Exercise materials:
▼
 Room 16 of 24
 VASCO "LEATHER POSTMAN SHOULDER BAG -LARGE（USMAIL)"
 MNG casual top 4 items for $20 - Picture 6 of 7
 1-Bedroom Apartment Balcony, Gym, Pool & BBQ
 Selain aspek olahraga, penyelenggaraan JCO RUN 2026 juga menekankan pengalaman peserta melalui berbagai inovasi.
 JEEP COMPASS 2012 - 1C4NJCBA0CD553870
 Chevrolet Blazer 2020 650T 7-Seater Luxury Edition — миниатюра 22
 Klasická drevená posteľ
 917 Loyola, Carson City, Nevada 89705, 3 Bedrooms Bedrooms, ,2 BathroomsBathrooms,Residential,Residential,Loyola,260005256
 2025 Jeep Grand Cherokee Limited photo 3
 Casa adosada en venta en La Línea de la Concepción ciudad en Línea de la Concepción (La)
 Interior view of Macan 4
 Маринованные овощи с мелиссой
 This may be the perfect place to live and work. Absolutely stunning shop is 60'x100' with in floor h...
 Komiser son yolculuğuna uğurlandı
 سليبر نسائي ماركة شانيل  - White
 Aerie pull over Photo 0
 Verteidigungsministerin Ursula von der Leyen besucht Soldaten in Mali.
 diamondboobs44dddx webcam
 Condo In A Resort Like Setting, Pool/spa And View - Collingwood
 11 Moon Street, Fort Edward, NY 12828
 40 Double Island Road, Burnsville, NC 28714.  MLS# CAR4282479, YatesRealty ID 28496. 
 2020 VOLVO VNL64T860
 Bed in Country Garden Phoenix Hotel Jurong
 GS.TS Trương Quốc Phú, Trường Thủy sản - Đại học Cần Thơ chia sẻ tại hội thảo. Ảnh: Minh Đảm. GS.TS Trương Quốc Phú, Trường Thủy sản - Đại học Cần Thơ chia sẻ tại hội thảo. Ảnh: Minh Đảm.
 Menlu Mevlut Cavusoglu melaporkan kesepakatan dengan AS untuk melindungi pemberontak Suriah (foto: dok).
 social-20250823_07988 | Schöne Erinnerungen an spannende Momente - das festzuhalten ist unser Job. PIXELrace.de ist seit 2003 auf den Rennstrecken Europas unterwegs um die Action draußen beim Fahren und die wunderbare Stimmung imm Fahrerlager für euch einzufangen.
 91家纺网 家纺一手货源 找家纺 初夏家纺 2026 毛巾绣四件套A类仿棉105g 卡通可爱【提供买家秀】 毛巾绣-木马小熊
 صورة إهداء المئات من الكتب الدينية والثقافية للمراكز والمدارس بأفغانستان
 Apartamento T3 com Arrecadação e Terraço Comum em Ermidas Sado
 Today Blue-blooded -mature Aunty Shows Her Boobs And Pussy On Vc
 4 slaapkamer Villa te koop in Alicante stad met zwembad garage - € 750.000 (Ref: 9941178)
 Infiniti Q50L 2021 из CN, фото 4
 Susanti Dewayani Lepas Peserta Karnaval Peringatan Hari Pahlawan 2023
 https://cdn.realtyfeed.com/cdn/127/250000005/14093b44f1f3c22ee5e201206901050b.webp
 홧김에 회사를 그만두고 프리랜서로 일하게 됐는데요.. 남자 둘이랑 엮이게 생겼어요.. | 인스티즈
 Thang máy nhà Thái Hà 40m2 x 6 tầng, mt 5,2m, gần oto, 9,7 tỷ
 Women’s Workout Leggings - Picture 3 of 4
▲
Exercise directions: Retype, exactly and with nothing added, the lines of the material above from the first through the one that contains "2025 Jeep Grand Cherokee Limited photo 3".

Result of the task:
 Room 16 of 24
 VASCO "LEATHER POSTMAN SHOULDER BAG -LARGE（USMAIL)"
 MNG casual top 4 items for $20 - Picture 6 of 7
 1-Bedroom Apartment Balcony, Gym, Pool & BBQ
 Selain aspek olahraga, penyelenggaraan JCO RUN 2026 juga menekankan pengalaman peserta melalui berbagai inovasi.
 JEEP COMPASS 2012 - 1C4NJCBA0CD553870
 Chevrolet Blazer 2020 650T 7-Seater Luxury Edition — миниатюра 22
 Klasická drevená posteľ
 917 Loyola, Carson City, Nevada 89705, 3 Bedrooms Bedrooms, ,2 BathroomsBathrooms,Residential,Residential,Loyola,260005256
 2025 Jeep Grand Cherokee Limited photo 3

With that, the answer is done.